Group Trouble: Fictional Collectives in Crisis

In our atomized world, nothing thrills or terrifies us more than the group. A collection of personalities and wills assembled toward a common goal–what could go wrong? Here are a few novels exploring the particular dramas of voluntary organizations, where passionate ideals collide with ego and everyday reality.

Birnam Wood is a group of crunchy eco-activists who repurpose abandoned or underutilized land for gardening projects. The ethical purity of the collective is challenged when an eccentric billionaire takes an interest in the project (and a romantic interest in the project's founder). This is a pacy thriller that depicts the types of relationships that form in a group of committed activists who collapse the boundaries between the personal and political.

The Secret History is a very fun yet disturbing book that influenced the dark academia trend in fiction. A group of students at an elite university get a little too into their Greek classics studies under the tutelage of a charismatic professor. Their individual relationships become entangled with their frenzied commitment to ancient values.

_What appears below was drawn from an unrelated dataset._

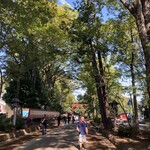 大宮 寿司 いし山 -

Rachel Kushner's buzzy Creation Lake follows an American spy called "Sadie Smith" who infiltrates a French anarcho-primitivist collective on behalf of French authorities, who see the group as a threat. The book alternates between Sadie's narration and ruminations on the political implications of prehistory by the group's leader.

Mishima is very intense. His novel The Sailor Who Fell From Grace With the Sea follows a group of angsty and idealistic teen boys who reject the compromises of adulthood. Their fierce idealism erupts in acts of shocking violence.

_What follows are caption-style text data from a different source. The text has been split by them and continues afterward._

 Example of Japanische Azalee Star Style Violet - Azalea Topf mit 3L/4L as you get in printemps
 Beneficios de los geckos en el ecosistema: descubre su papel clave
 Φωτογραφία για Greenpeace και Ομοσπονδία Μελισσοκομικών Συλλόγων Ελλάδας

Parable of the Sower is a1993 sci fi mainstay is set in 2024(!). Lauren Olamina lives in a walled community on the outskirts of Los Angeles in a post-collapse world. Afflicted with hyperempathy, a condition that makes her physically feel others' pain, she and her community weather catastrophe. Lauren begins to develop a new religion based on a vision for the future on a ruined planet.

Iris Murdoch had two parallel careers as a popular novelist and an Oxford philosopher, and her readable yet philosophically rich fiction reflects that. In The Bell, a lay religious community on the outskirts of an abbey is depicted in all its complexity and intrigue. Despite some scandalous plot developments, the novel resists cynicism, portraying the characters’ struggle for goodness with nuance.

What’s your favorite group-gone-wrong novel?